A Breakup of Google Could Leave YouTube on Its Own

Douglas A. McIntyre

Politicians and antitrust experts increasingly have called for the breakup of several large companies, including Facebook, Amazon and Alphabet Inc.’s (NASDAQ: GOOGL) Google, which dominates the search engine business and thus a huge portion of the online advertising in the United States. One of Google’s standalone divisions is YouTube, the largest video-sharing website in the world. It is a logical target to be pushed out on its own.

A break up of Google would need to take into account its search business, email operation (Gmail), Map product, Chrome browser and YouTube, at the very least. Each holds substantial market share in its category.

Google critics say it uses some of the products and services to leverage the sale and adoption of others, which creates a circle of dominance in a number of categories. The first among these is search, in which Google has an estimated 80% or more of the American market. Google and Facebook are estimated to control well over half of the American market for online adverting, which critics say gives them unprecedented price leverage.

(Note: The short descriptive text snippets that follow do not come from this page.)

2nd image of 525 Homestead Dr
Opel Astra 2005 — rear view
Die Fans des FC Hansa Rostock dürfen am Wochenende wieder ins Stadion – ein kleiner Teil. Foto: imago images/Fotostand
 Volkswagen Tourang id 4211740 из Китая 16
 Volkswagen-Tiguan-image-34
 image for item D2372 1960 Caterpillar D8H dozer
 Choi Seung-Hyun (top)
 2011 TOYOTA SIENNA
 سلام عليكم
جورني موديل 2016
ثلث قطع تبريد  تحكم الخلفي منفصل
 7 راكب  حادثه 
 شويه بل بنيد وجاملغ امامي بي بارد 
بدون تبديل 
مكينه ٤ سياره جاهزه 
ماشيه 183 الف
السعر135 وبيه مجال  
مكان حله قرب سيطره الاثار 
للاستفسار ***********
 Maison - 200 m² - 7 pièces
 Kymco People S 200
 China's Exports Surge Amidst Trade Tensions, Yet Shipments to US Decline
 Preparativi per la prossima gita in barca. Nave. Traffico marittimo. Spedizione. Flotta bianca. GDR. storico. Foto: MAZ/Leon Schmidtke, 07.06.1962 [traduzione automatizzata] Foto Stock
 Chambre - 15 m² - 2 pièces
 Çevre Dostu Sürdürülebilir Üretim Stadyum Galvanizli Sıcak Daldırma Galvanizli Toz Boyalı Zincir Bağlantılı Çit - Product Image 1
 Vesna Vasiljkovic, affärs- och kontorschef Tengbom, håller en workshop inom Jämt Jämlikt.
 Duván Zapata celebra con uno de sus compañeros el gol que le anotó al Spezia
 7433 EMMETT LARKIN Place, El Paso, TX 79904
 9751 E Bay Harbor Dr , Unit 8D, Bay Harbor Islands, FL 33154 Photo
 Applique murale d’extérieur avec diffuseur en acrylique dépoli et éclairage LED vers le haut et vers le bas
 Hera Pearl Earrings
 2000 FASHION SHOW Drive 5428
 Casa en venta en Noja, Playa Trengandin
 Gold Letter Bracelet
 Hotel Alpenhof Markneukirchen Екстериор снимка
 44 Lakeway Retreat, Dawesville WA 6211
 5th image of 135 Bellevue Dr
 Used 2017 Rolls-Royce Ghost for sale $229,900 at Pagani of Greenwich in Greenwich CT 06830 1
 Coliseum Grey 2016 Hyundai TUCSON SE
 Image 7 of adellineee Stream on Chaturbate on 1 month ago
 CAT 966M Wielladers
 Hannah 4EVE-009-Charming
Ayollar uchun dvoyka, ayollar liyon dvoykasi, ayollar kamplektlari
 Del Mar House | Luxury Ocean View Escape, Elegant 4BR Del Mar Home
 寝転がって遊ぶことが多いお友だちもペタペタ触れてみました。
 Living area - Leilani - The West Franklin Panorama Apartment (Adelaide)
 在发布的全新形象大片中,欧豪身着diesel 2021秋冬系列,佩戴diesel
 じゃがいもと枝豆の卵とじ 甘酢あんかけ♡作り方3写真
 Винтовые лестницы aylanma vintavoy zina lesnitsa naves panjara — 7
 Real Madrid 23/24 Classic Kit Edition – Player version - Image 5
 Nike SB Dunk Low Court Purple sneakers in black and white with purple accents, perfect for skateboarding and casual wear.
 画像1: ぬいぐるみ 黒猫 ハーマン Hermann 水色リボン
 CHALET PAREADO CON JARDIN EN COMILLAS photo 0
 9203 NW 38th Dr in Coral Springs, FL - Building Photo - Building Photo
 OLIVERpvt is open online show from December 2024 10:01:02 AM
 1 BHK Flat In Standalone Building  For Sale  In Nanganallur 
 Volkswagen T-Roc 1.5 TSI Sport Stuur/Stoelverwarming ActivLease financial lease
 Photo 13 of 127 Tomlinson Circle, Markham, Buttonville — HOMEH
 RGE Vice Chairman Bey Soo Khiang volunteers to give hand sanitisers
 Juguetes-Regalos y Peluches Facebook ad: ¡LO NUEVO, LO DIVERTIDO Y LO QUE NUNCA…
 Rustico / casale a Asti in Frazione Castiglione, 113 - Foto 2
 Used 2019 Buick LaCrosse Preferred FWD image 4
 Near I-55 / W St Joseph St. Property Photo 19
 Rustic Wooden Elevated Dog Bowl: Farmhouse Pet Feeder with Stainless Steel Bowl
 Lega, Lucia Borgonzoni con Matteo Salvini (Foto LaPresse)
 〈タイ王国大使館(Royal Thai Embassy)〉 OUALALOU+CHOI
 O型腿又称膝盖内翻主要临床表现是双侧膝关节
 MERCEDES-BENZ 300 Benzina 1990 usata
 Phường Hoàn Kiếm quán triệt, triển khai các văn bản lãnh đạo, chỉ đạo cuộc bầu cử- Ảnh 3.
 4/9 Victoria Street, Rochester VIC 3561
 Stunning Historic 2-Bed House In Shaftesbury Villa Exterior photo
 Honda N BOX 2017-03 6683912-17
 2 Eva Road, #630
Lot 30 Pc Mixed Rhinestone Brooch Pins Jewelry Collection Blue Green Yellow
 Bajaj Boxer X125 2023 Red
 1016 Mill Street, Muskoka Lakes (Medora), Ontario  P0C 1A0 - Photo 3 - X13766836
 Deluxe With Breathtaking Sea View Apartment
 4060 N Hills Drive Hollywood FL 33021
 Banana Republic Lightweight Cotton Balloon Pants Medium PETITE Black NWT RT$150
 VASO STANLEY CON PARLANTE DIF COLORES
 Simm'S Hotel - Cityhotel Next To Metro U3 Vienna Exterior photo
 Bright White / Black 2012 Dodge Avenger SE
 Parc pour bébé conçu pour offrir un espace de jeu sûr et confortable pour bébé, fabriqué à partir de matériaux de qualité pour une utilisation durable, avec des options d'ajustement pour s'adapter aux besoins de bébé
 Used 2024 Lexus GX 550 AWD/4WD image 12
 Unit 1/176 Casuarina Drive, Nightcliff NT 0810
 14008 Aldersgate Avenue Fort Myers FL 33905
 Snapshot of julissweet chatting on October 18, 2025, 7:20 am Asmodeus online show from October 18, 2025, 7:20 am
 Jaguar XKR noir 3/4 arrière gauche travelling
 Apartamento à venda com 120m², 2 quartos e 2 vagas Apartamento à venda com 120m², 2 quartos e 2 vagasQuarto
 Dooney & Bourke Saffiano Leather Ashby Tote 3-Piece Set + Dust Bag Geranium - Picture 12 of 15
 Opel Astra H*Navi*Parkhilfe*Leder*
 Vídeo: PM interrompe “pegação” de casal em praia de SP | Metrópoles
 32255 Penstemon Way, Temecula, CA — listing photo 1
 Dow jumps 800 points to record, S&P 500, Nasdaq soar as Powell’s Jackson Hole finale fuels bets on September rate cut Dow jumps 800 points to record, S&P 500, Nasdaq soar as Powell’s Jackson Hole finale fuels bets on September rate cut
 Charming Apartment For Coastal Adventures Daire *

YouTube users watch 3.25 billion videos a month. Many critics argue it takes the audience from both paid cable television and ad-supported broadcasts. If it stood on its own, at least it would not have the advantages of the distribution of the Chrome browser.

It is also hard for Google to argue that YouTube cannot be successful on its own. It has revenue of over $8 billion and a position in the video market that cannot be matched.